Who Framed Roger Rabbit Set The Stage For Disney's Success With The Little Mermaid
"The Little Mermaid" saved Walt Disney Feature Animation in 1989. It earned rave reviews from critics like Roger Ebert, who wrote that "the magic of animation has been restored to us." It won an Academy Award and a Grammy for the hit song "Under the Sea." Best of all, the film popularized animated musicals; not just animated films with songs, but films with songs that expressed motivation and character as aptly as the animation did. Lyricist Howard Ashman and composer Alan Menken, responsible for the off-Broadway legend "Little Shop of Horrors," brought their hard-won expertise to a project that was floundering on the rocks. The results didn't just set the standard for the Disney Renaissance; they set the standard for its competition. For the first time in many years, Disney took the lead as opposed to ceding ground to challengers like Don Bluth. Not every film in the coming years would be successful, but they carried themselves with confidence and ambition, qualities that had long evaded Disney's crew of animators following the death of the studio's founder.

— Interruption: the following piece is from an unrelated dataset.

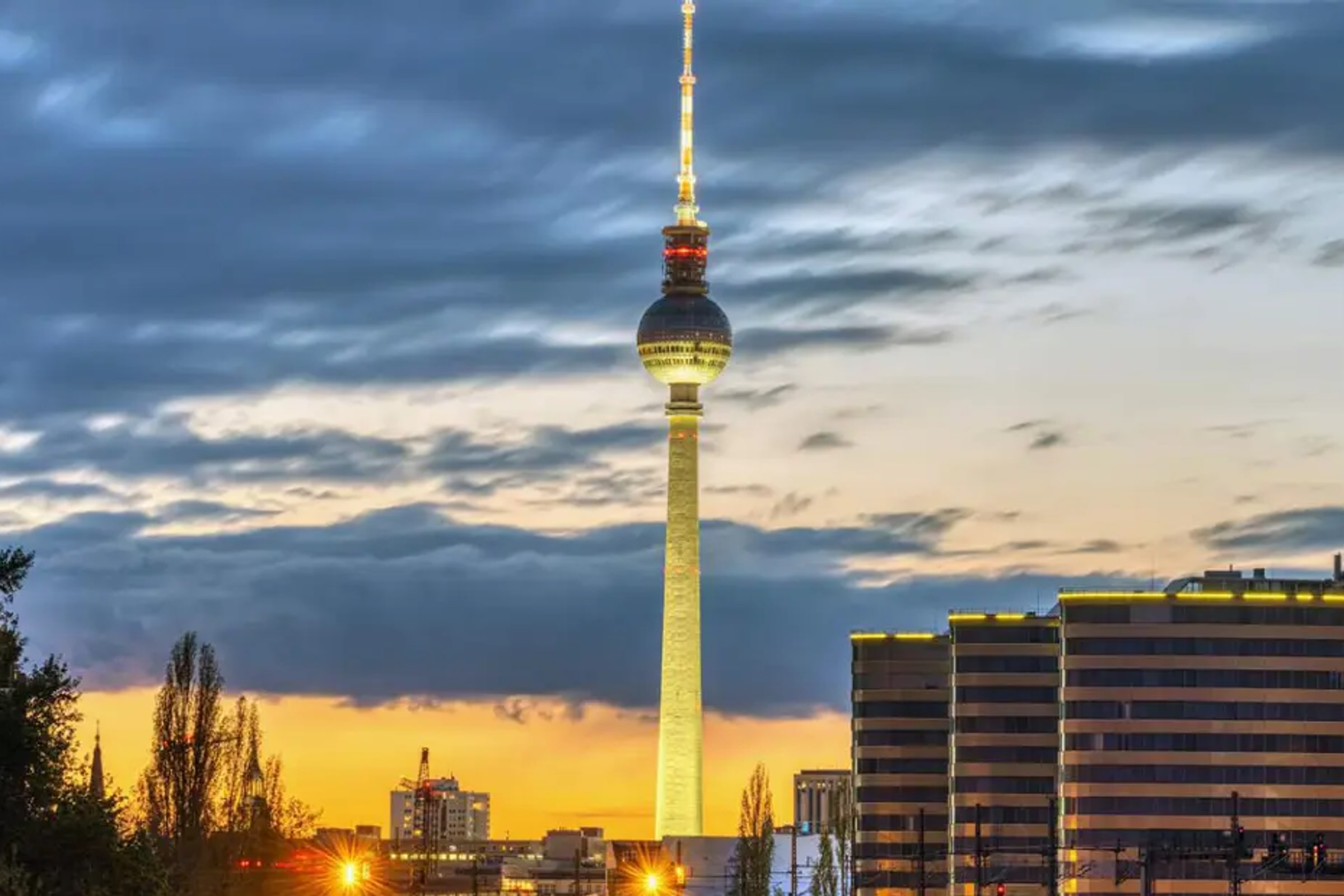 Discover Berlin Half Day Walking Tour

"The Little Mermaid" was not Disney's first great animated film of the 1980s. That honor belongs to "Who Framed Roger Rabbit," an animated live-action hybrid released via Disney's Touchstone Pictures studio in 1988. "Roger Rabbit" broke every rule in the book. It was a Los Angeles-based film noir filmed in the United Kingdom, starring cartoon characters that could be funny, sexy, or scary, scene by scene. The film delighted some children, scarred others, and left a few with a distinct fondness for weasels later in life. By no means could it be squared with the sincere, prestigious Disney Renaissance. Yet without "Roger Rabbit," the Disney Renaissance might have never happened.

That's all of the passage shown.